La democracia y el aprendizaje crítico son inaccesibles sin conflictos visibilizados. En esencia, esa es la premisa de la pedagogía del disenso, una línea teórica que va a la raíz del enfoque transformador de la educación y desde la cual es posible entender la razón que llevó a tantos profesores, estudiantes normalistas y, en general, personas relacionadas con la educación a integrarse a movimientos políticos y armados que, a finales del siglo pasado, se consideraron caminos pertinentes hacia la construcción de un mundo más justo. Hoy queda claro que la violencia no es el camino.
Los últimos días del mes fueron un terreno fértil para tener presentes episodios ilustrativos de la lucha política armada. El 23 de septiembre se cumplieron 60 años del asalto al Cuartel de Madera, en Chihuahua, un acto en el que participaron maestros rurales y líderes estudiantiles, además de obreros.
Septiembre
El 26 de septiembre se cumplieron 11 años de la desaparición de 43 normalistas de Ayotzinapa, institución de la cual fue profesor Lucio Cabañas, uno de los líderes de la guerrilla en el estado de Guerrero.

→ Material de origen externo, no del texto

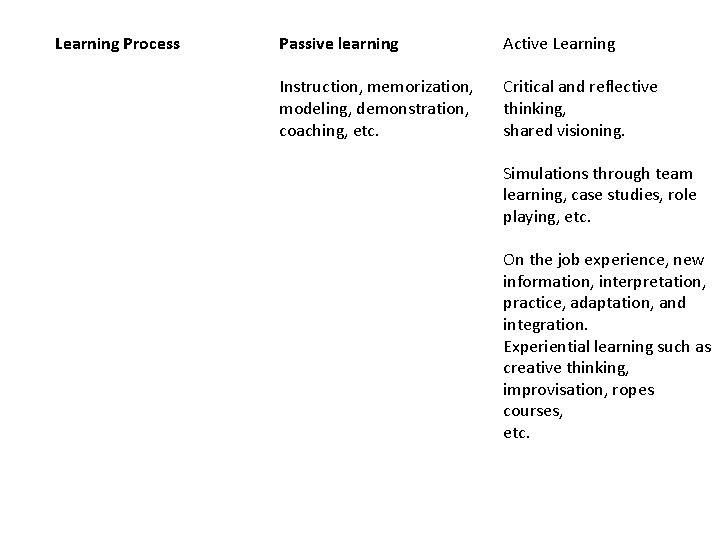 Topic Traditional Pedagogy Andragogy Learning Process Passive learning Active Learning Instruction, memorization, modeling, demonstration,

La desaparición, sobre la que aún pesan múltiples dudas, ocurrió cuando los estudiantes conseguían camiones para la conmemoración del 2 de octubre, otra fecha marcada por la movilización estudiantil y la represión violenta.

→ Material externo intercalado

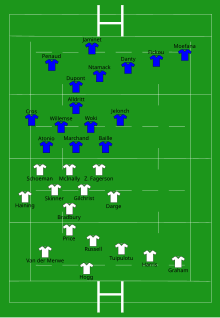 Scotland vs France 2022-02-26.svg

No es mi intención alimentar ninguna de las dos narrativas que han servido históricamente para calificar estos hechos y a estos personajes. Los movimientos guerrilleros y sus principales figuras, desde el Che Guevara hasta el Subcomandante Marcos, no son héroes inmaculados, depositarios de virtudes cívicas y humanas. El otro extremo también me parece inadecuado: las acciones de las organizaciones guerrilleras no se reducen a una explicación meramente policial ni su actuación al de vulgares delincuentes.
México guerrillero
Al México guerrillero se le debe una investigación profunda que ponga en un marco político las acciones ocurridas, en un momento histórico mundial en el que la lucha armada se planteaba como una posibilidad hoy mayoritariamente condenada, y que ofrezca claves para entender el pasado y las tareas pendientes en la actualidad: la transformación social sigue en construcción, y la represión de Estado sigue siendo un riesgo condenable.
El aula es un espacio público en el que se aprende a gestionar las relaciones y convivir con el conflicto. A la luz de los estándares democráticos y del altísimo costo humano, la vía armada y los actos violentos deben clausurarse como opción.
Lo que no está clausurado es la necesidad de construir un mundo más justo que, sin anular las diferencias, se abone a experiencias de aprendizaje para argumentar, escuchar, deliberar y disputar significados con reglas justas, cuidando a las personas y sometiendo a crítica las instituciones.
En todos los movimientos transformadores ha habido maestros y estudiantes. Abandonar la violencia y conservar la utopía es una de las esencias educadoras.